The three vectors \(\boldsymbol{a}\), \(\boldsymbol{b}\) and \(\boldsymbol{c}\) are given by\[{\boldsymbol{a}} = \left( {\begin{array}{*{20}{c}}
  {2y} \\
  { - 3x} \\
  {2x}
\end{array}} \right),{\text{ }}{\boldsymbol{b}}{\text{ }} = \left( {\begin{array}{*{20}{c}}
  {4x} \\
  y \\
  {3 - x}
\end{array}} \right),{\text{ }}{\boldsymbol{c}}{\text{ }} = \left( {\begin{array}{*{20}{c}}
  4 \\
  { - 7} \\
  6
\end{array}} \right){\text{ where }}x,y \in \mathbb{R}{\text{ }}{\text{.}}\]

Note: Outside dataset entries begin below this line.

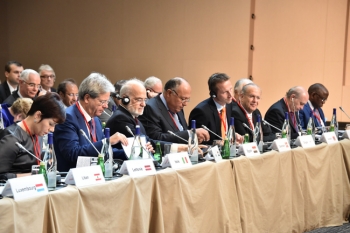 كلمة وزير الخارجية في مؤتمر باريس منافية للحقيقة والأعراف الدبلوماسية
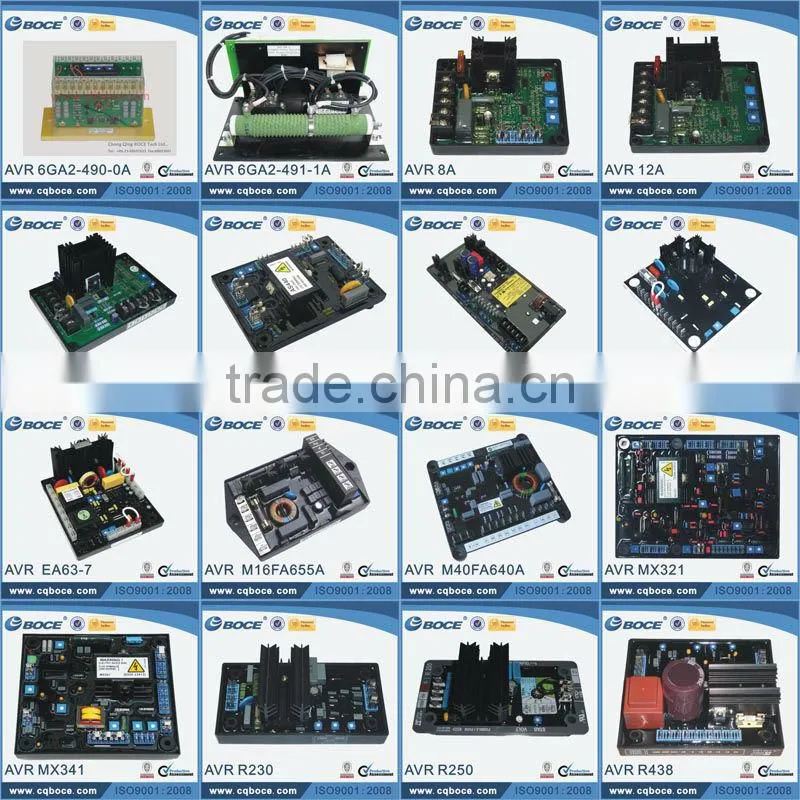 Generator Set Controller BC168 Auto Start / Manual Start
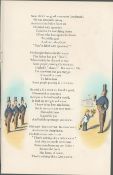 Rare 84 Yrs. Old Guinness Double Sided Print """""""" The Policeman & His Stout""""""""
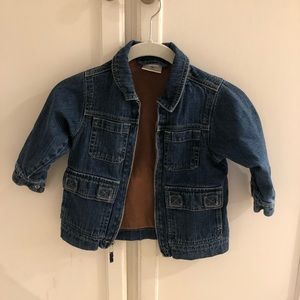 Hanna Andersson 3t Jean jacket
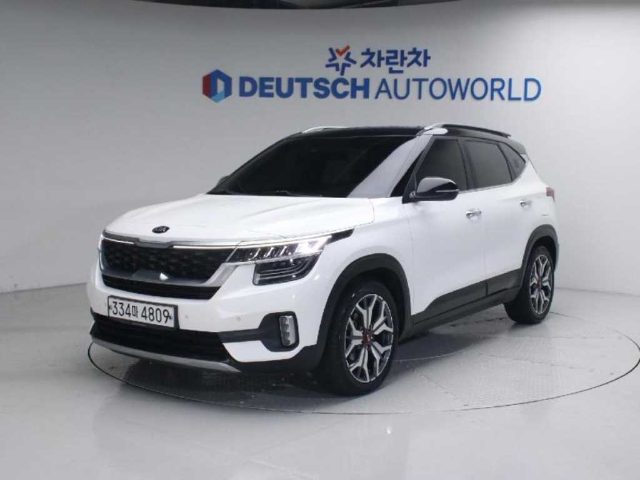 2019 Kia Seltos 디젤 1.6 2WD 프레스티지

(a)     If a + 2b − c = 0, find the value of x and of y.

(b)     Find the exact value of \(|\)a + 2b\(|\).

(a)     \(2y + 8x = 4\)     M1

\( - 3x + 2y = - 7\)     A1

\(2x + 6 - 2x = 6\)

Note: Award M1 for attempt at components, A1 for two correct equations.

   No penalty for not checking the third equation.

solving : x = 1, y = –2     A1

(b)     \(|\)a + 2b\(| = \left| {\left( {\begin{array}{*{20}{c}}
  { - 4} \\
  { - 3} \\
  2
\end{array}} \right) + 2\left( {\begin{array}{*{20}{c}}
  4 \\
  { - 2} \\
  2
\end{array}} \right)} \right|\)

\( = \left| {\left( {\begin{array}{*{20}{c}}
  4 \\
  { - 7} \\
  6
\end{array}} \right)} \right|\)

\( \Rightarrow |\)a + 2b\(|\) \( = \sqrt {{4^2} + {{( - 7)}^2} + {6^2}} \)     (M1)

\( = \sqrt {101} \)     A1

[5 marks]

The majority of candidates understood what was required in part (a) of this question and gained the correct answer. Most candidates were able to do part (b) but few realised that they did not have to calculate \(|\)a + 2b\(|\) as this is \(|\)c\(|\). Many candidates lost time on this question.